DensityPath maps the data onto the 2-d plane of EE1 and EE2 and reconstructs the complex trajectory with 10 branches, recovering the simulated progression of the embedded tree structure completely (Fig. 3b). In comparisons, PCA identifies four branches with one trifurcating event (Fig. 3c); DM identifies five branches with two bifurcating events (Fig. 3d); tSNE breaks the samples into at least five separate components, shattering the order of trajectory and failing to preserve the global structures (Fig. 3e). The PHATE algorithm developed by Moon et al. (2017) also recovers the simulated structure completely (Fig. 3f). However, the branch lengths on the 2-d plane by EE (Fig. 3b) are more uniformly distributed than those revealed by the PHATE algorithm (Fig. 3f), showing better consistency with uniform branch lengths of the embedded tree model.

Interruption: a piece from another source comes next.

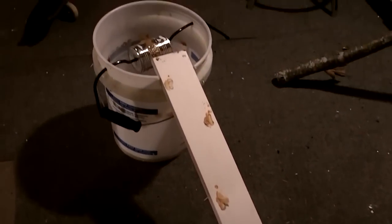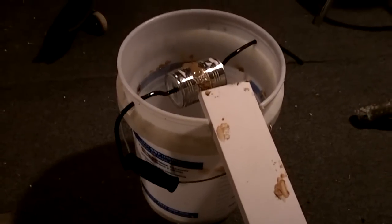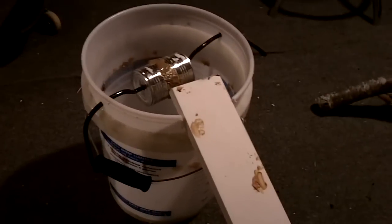All right, this is experiment night number one. Thank you to YouTube — I discovered the old bucket trap for a mouse trap.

We compare EE with the other 4 dimension reduction methods on the HSPCs data. The PCA, tSNE and EE all recover the branched trajectories (Supplementary Fig. S4), but DM fails to recover the branched structure on the first two diffusion components (Supplementary Fig. S4). The PATHE algorithm also fails to recover the branching structure in its first two components (Supplementary Fig. S4).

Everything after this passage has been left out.